Maine's Right to Know Law (1 MRSA 401 et seq.) was enacted for the broad purpose of allowing the general public full access to public proceedings and public records. The exceptions to this law are few and carefully defined. Since the law governs both public proceedings and public records, each of these two aspects of the law deserve special attention.

Public Proceedings

Along with a number of proceedings conducted on the level of state government, a public proceeding is defined as "the transaction of any function" by "any board, commission, agency or authority of any county, municipality, school district or any regional or other political or administrative subdivision." Public proceedings, except where exempted, must be "open to the public." 1 MRSA 402, 403.

By the use of the term "transaction of any function," it is clear that the law is not limited to board meetings or proceedings of any special level of formality. Except for the specifically exempted activities, virtually every activity or action undertaken by a municipal board or committee is subject to open review and attendance by the general public.

It should be noted that the Right to Know law governs regularly scheduled meetings of municipal boards as well as specially convened, informally convened, impromptu, or emergency meetings. The law covers meetings where the board members are going to deliberate among themselves as well as meetings where the board is going to discuss or transact business with a third party or the public at large.

The term "open to the public," means that any person may attend, whether a resident of the community or not. Furthermore, any person is expressly entitled "to make written, taped, or filmed records of the proceeding or to live broadcast the same, provided the writing, taping, filming or broadcasting does not interfere with the orderly conduct of the proceedings." 1 MRSA 404.

Notice Requirements.

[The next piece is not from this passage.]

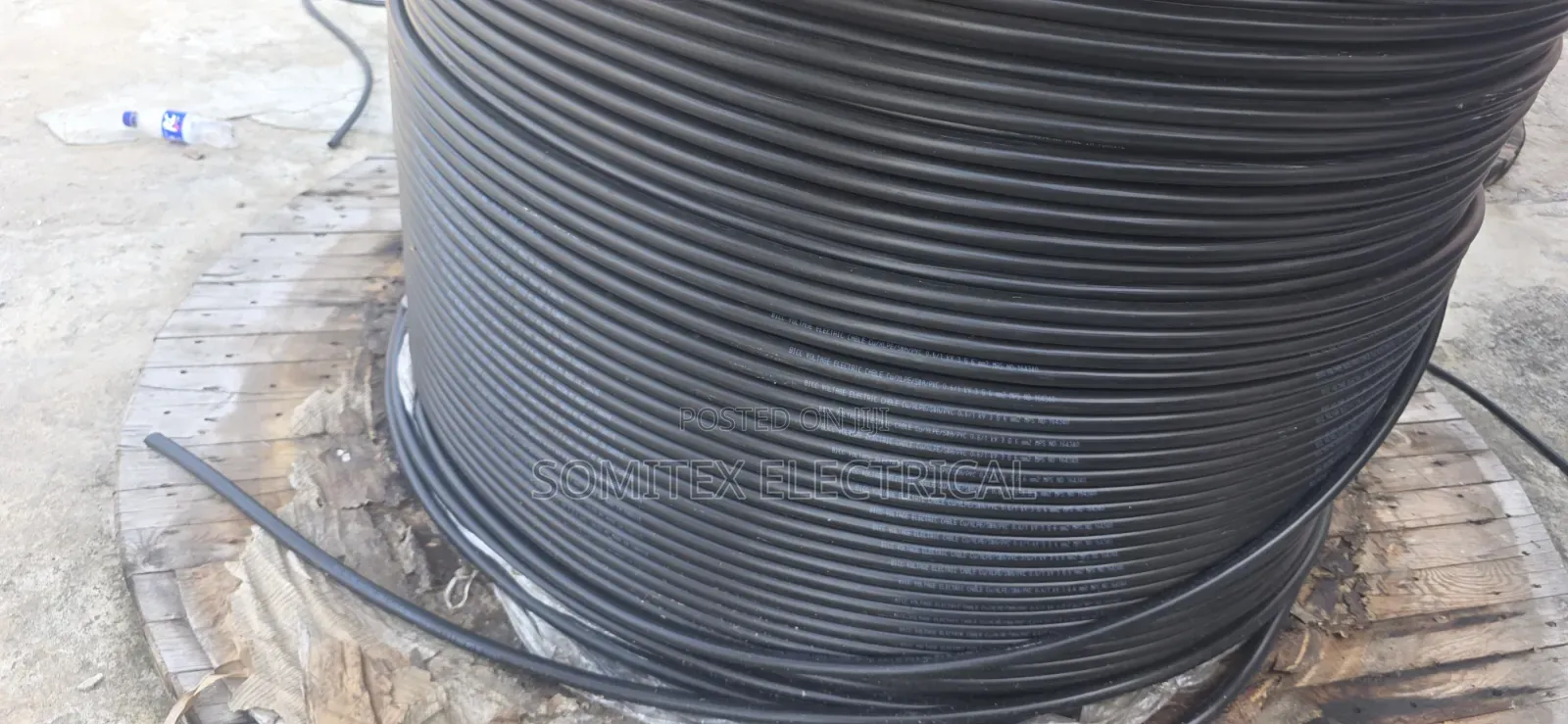 6mmx3core Bicc Cable Available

The law requires that the public be given notice of public proceedings whenever the public proceeding is "a meeting of a body or agency consisting of 3 or more persons." 1 MRSA 406. The phrase "3 or more persons" refers to the formal membership of the body or agency, not to the actual attendance of the board's membership at any particular proceeding. Therefore, notice is still required for a meeting of the 3-member budget committee even if only two members are able to attend, because those two members represent a quorum of the 3-member committee.

The actual type of notice to be given for a public meeting is not specifically set forward in the Right to Know law. This distinguishes the notice requirements of the Right to Know law from other sections of Maine law which do set forward specific notice requirements for specific types of meetings. For example, notice must be given of a town meeting by a posting of the warrant at least 7 days prior to the meeting (30-A MRSA 2523), and both posted and published notice of a public hearing regarding a junkyard permit application must be placed at least 7 and not more than 14 days prior to the hearing (30-A MRSA 3754). A compilation of the statutory notice requirements for some of the most commonly called public meetings has been listed in a January 1990 MAINE TOWNSMAN legal note, and MMA's Licensing/Permitting Manual includes the specific published noticing requirements for certain licensing procedures, such as for junkyard or liquor licenses. [Also see the “Right to Know Law” Information Packet on MMA’s website for a listing of specific statutory notice requirements.]

With regard to the Right to Know law, however, and unless otherwise dictated by statute or local charter or ordinance provisions, the notice requirements for public meetings, such as a planning board meeting, are only that notice of some kind be "given in ample time" and "disseminated in a manner reasonably calculated to notify the general public in the jurisdiction served by the body or agency concerned."

Therefore, although it would not be unreasonable to provide this "Right to Know" notice in the form of a newspaper article or legal notice, published notice is not required by the Right to Know law. In some instances a notice on the bulletin board of the town hall or a billboard at the local dump or transfer station, or an announcement in the town's newsletter would provide more effective notice than would a small notice in the legal notice section of the newspaper.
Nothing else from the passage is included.